Monday, January 22, 2024

The Fundamental Characteristics of Storage concepts for DBAs.

Conceptual challenges between DBAs and Storage technicians and Developers.


Visit my group in LinkedIn to find more:

https://www.linkedin.com/groups/8151826


Storage for DBAs: 

As a rule of thumb, pretty much any storage system can be characterised by three fundamental properties:


Latency is a measurement of delay in a system; so in the case of storage it is the time taken to respond to an I/O request. It’s a term which is frequently misused – more on this later – but when found in the context of a storage system’s data sheet it often means the average latency of a single I/O. 

Latency figures for disk are usually measured in milliseconds; for flash a more common unit of measurement would be microseconds.


Latency describes the time required for a sub-system to process a single data request or transaction. With flash storage, read latency includes the time it takes to navigate through the various network connectivity. Once this process is completed, latency also includes the time it takes find the required data blocks and to prepare to transfer data.

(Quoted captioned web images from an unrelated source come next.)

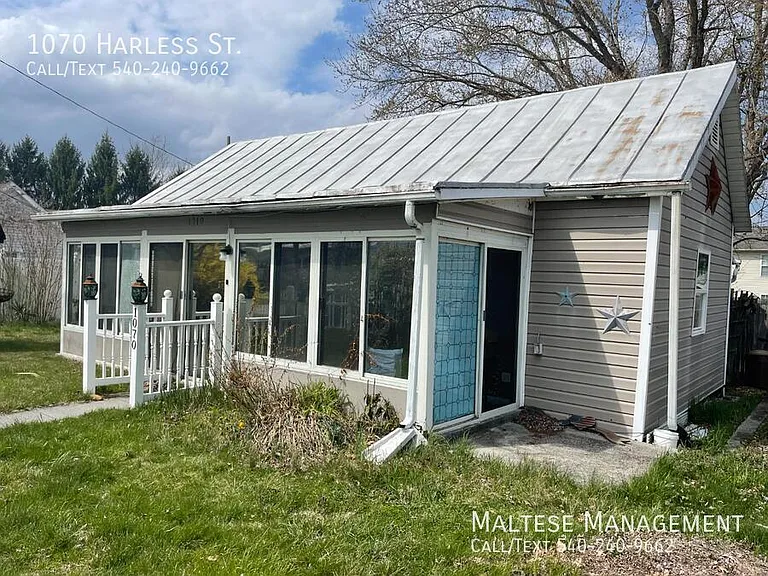 1070 Harless St NE — Photo 1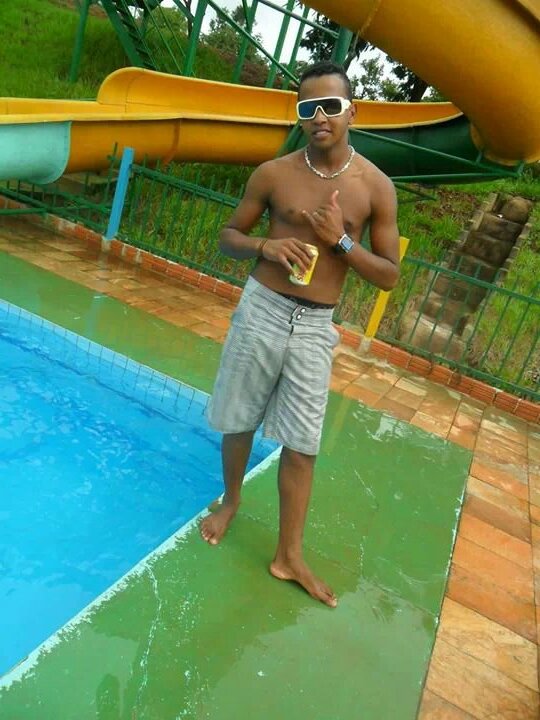 eu sou amigo mais ;;;devertido mais ñ evente mentiras sobre min ñ qui nos vivemos em pas ....;;;///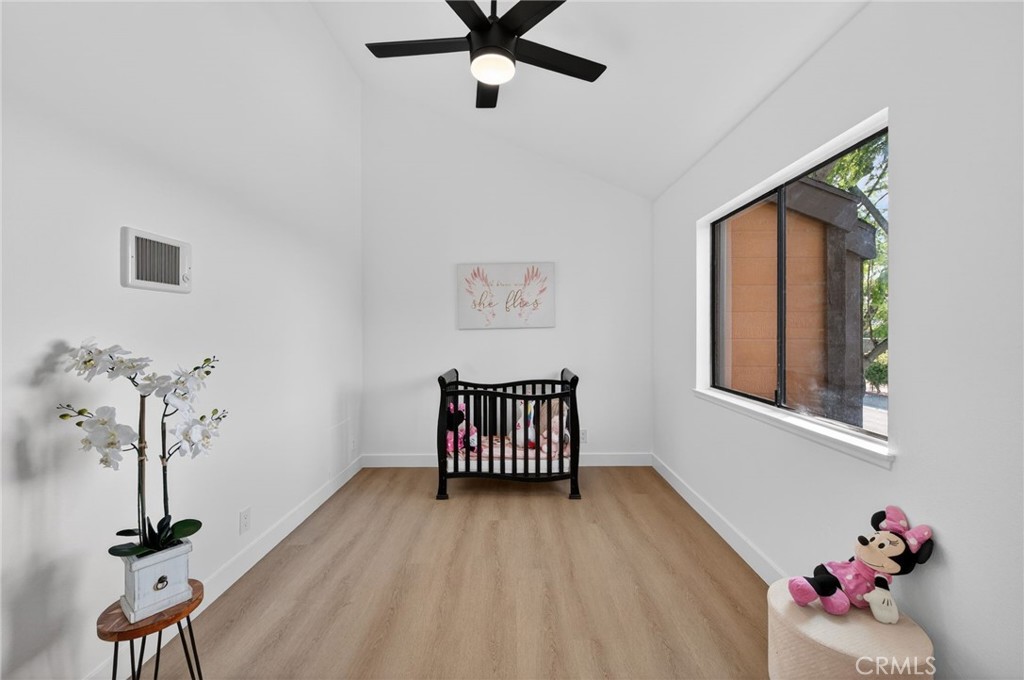 14004 Edgewater Drive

IOPS (which stands for I/Os Per Second) represents the number of individual I/O operations taking place in a second. 

IOPS figures can be very useful, but only when you know a little bit about the nature of the I/O such as its size and randomicity. 

If you look at the data sheet for a storage product you will usually see a Max IOPS figure somewhere, with a footnote indicating the I/O size and nature.


Bandwidth (also variously known as throughput) is a measure of data volume over time – in other words, the amount of data that can be pushed or pulled through a system per second. 

Throughput figures are therefore usually given in units of MB/sec or GB/sec.

As the picture suggests, these properties are all related. 

It’s worth understanding how and why, because you will invariably need all three in the real world. It’s no good buying a storage system which can deliver massive numbers of IOPS, for example, if the latency will be terrible as a result.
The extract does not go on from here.